The Power of Little Ideas

The Power of Little Ideas

There is a potentially fatal flaw in innovation thinking today — a false dichotomy. Conventional wisdom says that there are two types of innovation: incremental or radical. To survive, companies must do more than invest in incremental improvements in existing products. We’re told that, to remain relevant and profitable, companies must also invest in radical, disruptive innovation — they must reinvent the future of their industry before someone else does. The rallying cry is “Disrupt or be disrupted.”

In his new book The Power of Little Ideas (HBR Press, 2017), David Robertson argues that for many organizations there’s a better way, or what he calls a “Third Way” to innovate. Robertson, a Wharton professor who teaches Innovation and Product Design, argues that between sustaining and disruptive innovation lies a low-risk, high-reward approach.

This concept took shape in part because of an unlikely source — Robertson’s house painter, Stephen. After Stephen explained why he exclusively uses Sherwin-Williams paint (it provides a range of important services to painting contractors), Robertson took a deeper look. What he found was a business model remarkably similar to the one LEGO used to recover from its brush with bankruptcy in 2003 — one recounted in Robertson’s previous book Brick by Brick: How LEGO Rewrote the Rules of Innovation and Conquered the Global Toy Industry.

Both companies, and many others whose stories are told in The Power of Little Ideas, found success without disrupting their respective industries. Instead, they created families of complementary innovations around their core products. As Robertson explains, those innovations have three key features: they are designed to carry out a single strategy or promise, they work together to make a central product or service more appealing and competitive without changing it in any fundamental way, and they are closely and centrally managed by the company.

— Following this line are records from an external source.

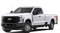 2026 Ford Super Duty F-250 SRW 4WD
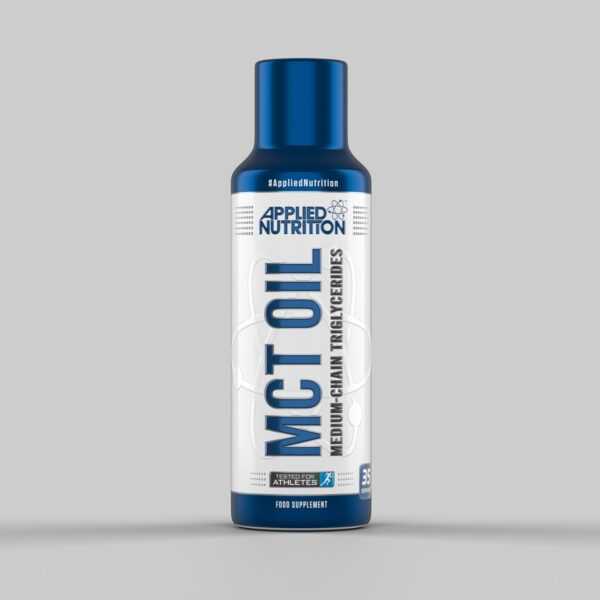 Applied Nutrition | MCT Oil - 490ml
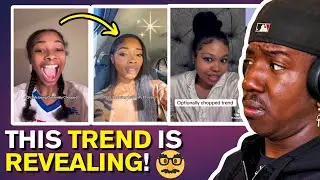 The ‘Optionally Chopped’ Trend Is Saying More Than People Realize… & HERE’S WHY!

The Power of Little Ideas provides a blueprint for companies seeking to embrace this approach to innovation. The book lays out the potential pitfalls and necessary changes to organizations’ innovation processes, management systems, and team structure. It illustrates best practices from many well-known companies, including such diverse examples as USAA, Guinness, Novo Nordisk, and Victoria’s Secret, and reveals the insights, guidelines, and working principles needed to successfully pursue the Third Way.